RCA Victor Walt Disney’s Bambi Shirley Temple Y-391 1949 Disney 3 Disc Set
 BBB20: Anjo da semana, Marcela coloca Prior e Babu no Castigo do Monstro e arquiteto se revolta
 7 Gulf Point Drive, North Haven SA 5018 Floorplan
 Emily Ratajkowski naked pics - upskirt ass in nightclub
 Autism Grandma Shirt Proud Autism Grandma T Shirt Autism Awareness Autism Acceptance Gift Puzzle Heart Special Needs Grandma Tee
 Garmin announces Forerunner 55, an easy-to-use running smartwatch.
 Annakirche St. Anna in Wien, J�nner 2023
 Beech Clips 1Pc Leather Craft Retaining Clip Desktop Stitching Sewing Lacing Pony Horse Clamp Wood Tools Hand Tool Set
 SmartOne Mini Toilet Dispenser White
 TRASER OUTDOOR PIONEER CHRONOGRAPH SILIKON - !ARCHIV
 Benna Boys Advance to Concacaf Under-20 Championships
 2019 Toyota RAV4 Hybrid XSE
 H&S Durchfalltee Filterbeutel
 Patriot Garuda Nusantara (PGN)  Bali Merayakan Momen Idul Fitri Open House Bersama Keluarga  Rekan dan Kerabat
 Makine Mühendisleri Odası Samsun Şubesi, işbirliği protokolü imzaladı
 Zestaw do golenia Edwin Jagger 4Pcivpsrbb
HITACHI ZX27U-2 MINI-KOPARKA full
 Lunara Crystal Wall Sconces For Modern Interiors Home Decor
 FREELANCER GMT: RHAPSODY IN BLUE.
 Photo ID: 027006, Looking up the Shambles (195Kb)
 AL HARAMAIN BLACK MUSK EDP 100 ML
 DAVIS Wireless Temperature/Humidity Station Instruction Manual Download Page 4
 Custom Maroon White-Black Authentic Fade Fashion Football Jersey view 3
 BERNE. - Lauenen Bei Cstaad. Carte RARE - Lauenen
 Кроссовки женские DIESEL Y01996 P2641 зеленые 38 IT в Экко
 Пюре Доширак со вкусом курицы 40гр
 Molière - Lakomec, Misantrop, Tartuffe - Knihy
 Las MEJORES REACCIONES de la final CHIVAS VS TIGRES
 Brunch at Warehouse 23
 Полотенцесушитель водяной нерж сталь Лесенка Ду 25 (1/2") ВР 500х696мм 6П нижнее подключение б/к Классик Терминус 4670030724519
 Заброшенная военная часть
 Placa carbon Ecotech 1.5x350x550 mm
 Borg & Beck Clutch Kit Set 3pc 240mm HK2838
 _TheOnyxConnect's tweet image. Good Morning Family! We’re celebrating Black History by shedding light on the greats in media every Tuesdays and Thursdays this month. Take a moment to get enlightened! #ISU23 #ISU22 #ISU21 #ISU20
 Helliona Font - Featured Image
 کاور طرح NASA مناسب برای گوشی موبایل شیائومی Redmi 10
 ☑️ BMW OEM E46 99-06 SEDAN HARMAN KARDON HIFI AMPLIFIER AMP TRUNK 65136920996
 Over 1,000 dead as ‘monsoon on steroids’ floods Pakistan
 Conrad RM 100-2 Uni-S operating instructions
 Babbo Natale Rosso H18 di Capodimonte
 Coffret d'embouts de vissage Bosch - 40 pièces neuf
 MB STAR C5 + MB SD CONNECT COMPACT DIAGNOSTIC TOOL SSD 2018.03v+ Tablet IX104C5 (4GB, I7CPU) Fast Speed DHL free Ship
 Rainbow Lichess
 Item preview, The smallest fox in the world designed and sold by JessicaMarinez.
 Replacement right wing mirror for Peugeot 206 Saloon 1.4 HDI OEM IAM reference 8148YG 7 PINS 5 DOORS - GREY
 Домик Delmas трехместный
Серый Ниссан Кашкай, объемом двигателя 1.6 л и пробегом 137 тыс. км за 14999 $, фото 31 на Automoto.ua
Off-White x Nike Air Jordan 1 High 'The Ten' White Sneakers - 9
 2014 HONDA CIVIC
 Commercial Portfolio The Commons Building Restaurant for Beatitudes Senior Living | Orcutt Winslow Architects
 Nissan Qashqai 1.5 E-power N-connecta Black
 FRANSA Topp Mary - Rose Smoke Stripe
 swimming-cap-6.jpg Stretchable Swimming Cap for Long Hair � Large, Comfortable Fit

* _Exercise brief_: All lines above from the one containing "Annakirche St. Anna in Wien, J�nner 2023" to the one containing "Las MEJORES REACCIONES" must be repeated exactly, both lines included, and no others.

* _Exercise output_:
 Annakirche St. Anna in Wien, J�nner 2023
 Beech Clips 1Pc Leather Craft Retaining Clip Desktop Stitching Sewing Lacing Pony Horse Clamp Wood Tools Hand Tool Set
 SmartOne Mini Toilet Dispenser White
 TRASER OUTDOOR PIONEER CHRONOGRAPH SILIKON - !ARCHIV
 Benna Boys Advance to Concacaf Under-20 Championships
 2019 Toyota RAV4 Hybrid XSE
 H&S Durchfalltee Filterbeutel
 Patriot Garuda Nusantara (PGN)  Bali Merayakan Momen Idul Fitri Open House Bersama Keluarga  Rekan dan Kerabat
 Makine Mühendisleri Odası Samsun Şubesi, işbirliği protokolü imzaladı
 Zestaw do golenia Edwin Jagger 4Pcivpsrbb
HITACHI ZX27U-2 MINI-KOPARKA full
 Lunara Crystal Wall Sconces For Modern Interiors Home Decor
 FREELANCER GMT: RHAPSODY IN BLUE.
 Photo ID: 027006, Looking up the Shambles (195Kb)
 AL HARAMAIN BLACK MUSK EDP 100 ML
 DAVIS Wireless Temperature/Humidity Station Instruction Manual Download Page 4
 Custom Maroon White-Black Authentic Fade Fashion Football Jersey view 3
 BERNE. - Lauenen Bei Cstaad. Carte RARE - Lauenen
 Кроссовки женские DIESEL Y01996 P2641 зеленые 38 IT в Экко
 Пюре Доширак со вкусом курицы 40гр
 Molière - Lakomec, Misantrop, Tartuffe - Knihy
 Las MEJORES REACCIONES de la final CHIVAS VS TIGRES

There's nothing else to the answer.